Je me suis récemment plongé dans l’ouvrage de Profession : pasteur (Genève, Labor et Fides, 1986) du sociologue Jean-Paul Willaime. Sa définition du statut du pasteur comme clerc et notamment comme docteur (enseignant) m’a paru particulièrement éclairante pour identifier quelques éléments de ce qu’on peut appeler une crise des ministères dans les Eglises réformées. Dans cet article je résume la description proposée par Willaime du pasteur comme clerc-docteur.

La fonction du pasteur dans la dynamique ecclésiale protestante

La fonction du clerc dans l’institution religieuse

En s’inspirant notamment des théories sociologiques de Max Weber, Willaime définit le clerc de la manière suivante : il est le « permanent d’une institution symbolique à caractère militant« 1. « Permanent » doit être compris ici dans le sens d’un « permanent du parti ». Cette expression un peu ancienne désigne les membres salariés et professionnels d’un parti, à la différence des bénévoles militants. Le caractère militant de l’Eglise vient de ce qu’elle est motivée par l’expansion du message évangélique.

Dans le contexte religieux, le permanent de l’institution a notamment pour tâche de (i) présenter le divin aux fidèles (fonction cultuelle) ; (ii) assurer la transmission de l’image de Dieu entre les générations (fonction d’enseignement) ; (iv) défendre cette image dans le contexte social contemporain (fonction apologétique) ; encadrer la vie des fidèles « en veillant aux conséquences pratiques de la foi religieuse dans la vie quotidienne »2 (fonction pastorale – aide, accompagnement et aspects normatifs). Dans ce contexte, le clerc a un rôle crucial pour la pérennisation temporelle et culturelle d’une institution religieuse donnée.

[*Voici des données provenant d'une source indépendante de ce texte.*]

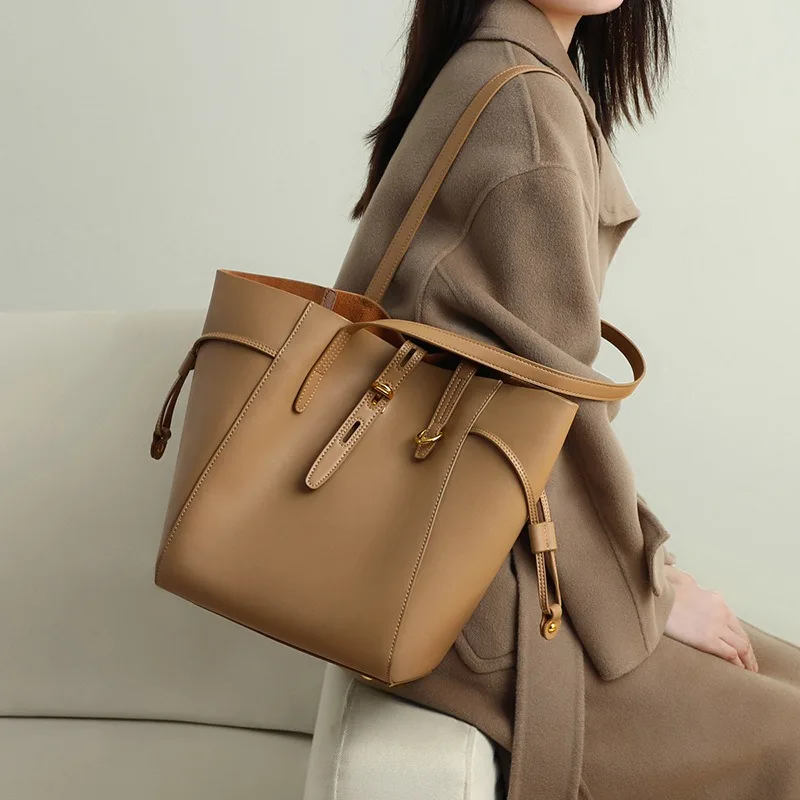 

New Women's Large Capacity Cowhide Tote Bag Versatile Fashion Shoulder Bag for Commuting Work Female Trendy Bucket Handbag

Le pasteur protestant comme type particulier de clerc

Willaime propose une typologie du clerc à partir de quatre figures : le prêtre, le prophète, le magicien et le docteur. Chacune de ces figures propose une certaine forme de « présentéification du divin »3. La différence entre ces figures tient notamment au type d’autorité qu’elles incarnent. Le prêtre est dépositaire d’un charisme de fonction. Son autorité religieuse lui vient de son statut dans l’ordre collectif. L’autorité du prophète repose sur sa propre personne. Il s’auto-légitime par la révélation de Dieu dont il est le sujet. C’est par sa parole et son agir personnel que Dieu se rend présent. L’autorité du magicien vient de sa maîtrise de techniquse de présentification du divin. L’autorité du docteur vient de sa capacité à assurer la légitimité idéologique, à transmettre, actualiser et entretenir l’idéologie fondatrice de la collectivité religieuse.4

Dans l’ecclésiologie protestante, le ministère pastoral correspond au type du docteur. Son rôle est d’être interprète et proclamateur autorisé de la parole de Dieu (la dialectique entre Loi et Evangile proposant une idéologie dynamique et jamais close). Le pasteur entretient aussi une certaine proximité avec le type du prophète – c’est notamment le cas de la figure d’un Luther dans sa protestation à l’égard de l’ordre ecclésial. Les Eglises issues de la Réforme ne reconnaissent pas d’autorité première à la tradition ecclésiale (son système juridique et doctrinal), mais à la révélation de Dieu uniquement, concentrée dans les Saintes Ecritures. Mais dans le travail sur son identité ecclésiologique le protestantisme a finalement abouti à concentrer le rôle du pasteur dans la figure du docteur.

Selon l’article VII de la Confession d’Augsbourg, l’Eglise est là où « l’Evangile est enseigné dans sa pureté et les sacrements administrés dans les règles »5. Le rôle des pasteurs (ministerium verbi) est de garantir que l’Evangile soit enseigné dans sa pureté et que les sacrements soient administrés dans les règles. En ce sens, ils sont les garants de la relation de l’Eglise à son fondement – l’Evangile – lequel apparaît surtout comme un fondement idéologique6. C’est par le travail d’interprétation et de transmission du message évangélique, que les pasteurs prennent une part quasi-essentielle à l’existence de l’Eglise dans le temps, qui dépend entièrement de la relation au message fondateur.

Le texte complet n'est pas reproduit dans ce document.